--- Task prompt ---
An exact reproduction of all the data is needed, with no images in it.

--- Available data ---
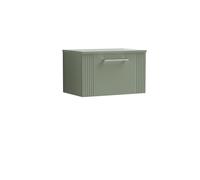 Partial Fluted 1 Drawer Wall Hung Vanity Unit with Colour Coordinating Worktop - 600mm - Satin Green
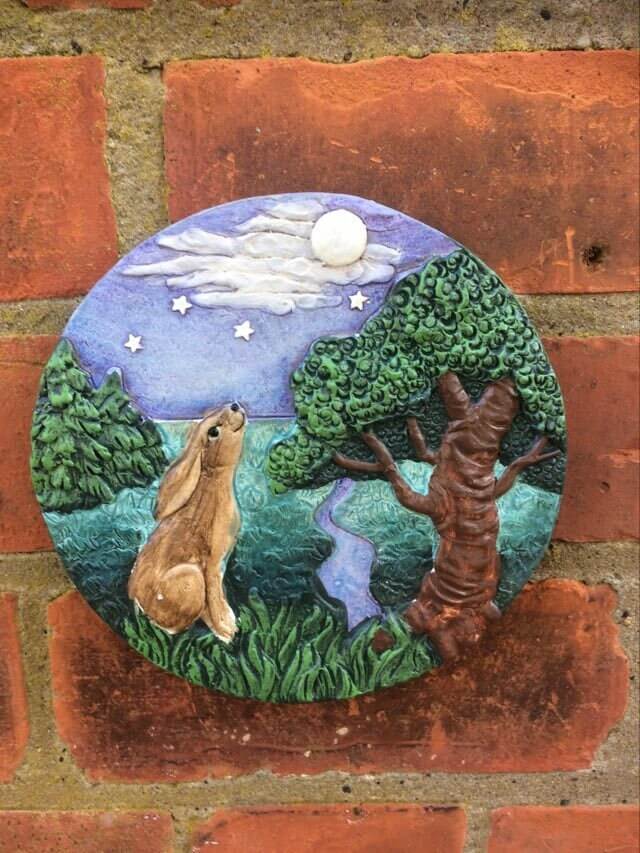 Magical Moon Hares Wall Plaque Pagan Statue Moongazing Sculpture Ornament Wiccan Altar-Osiris Craftworks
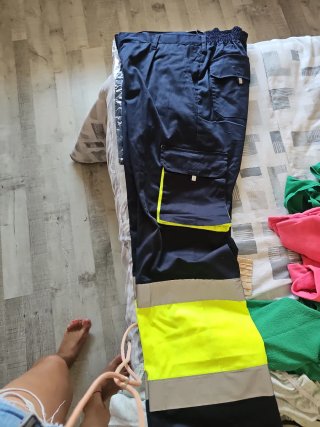 Pantaloncini da lavoro VESIN S.A. neri e gialli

--- Answer space ---
 Partial Fluted 1 Drawer Wall Hung Vanity Unit with Colour Coordinating Worktop - 600mm - Satin Green
 Magical Moon Hares Wall Plaque Pagan Statue Moongazing Sculpture Ornament Wiccan Altar-Osiris Craftworks
 Pantaloncini da lavoro VESIN S.A. neri e gialli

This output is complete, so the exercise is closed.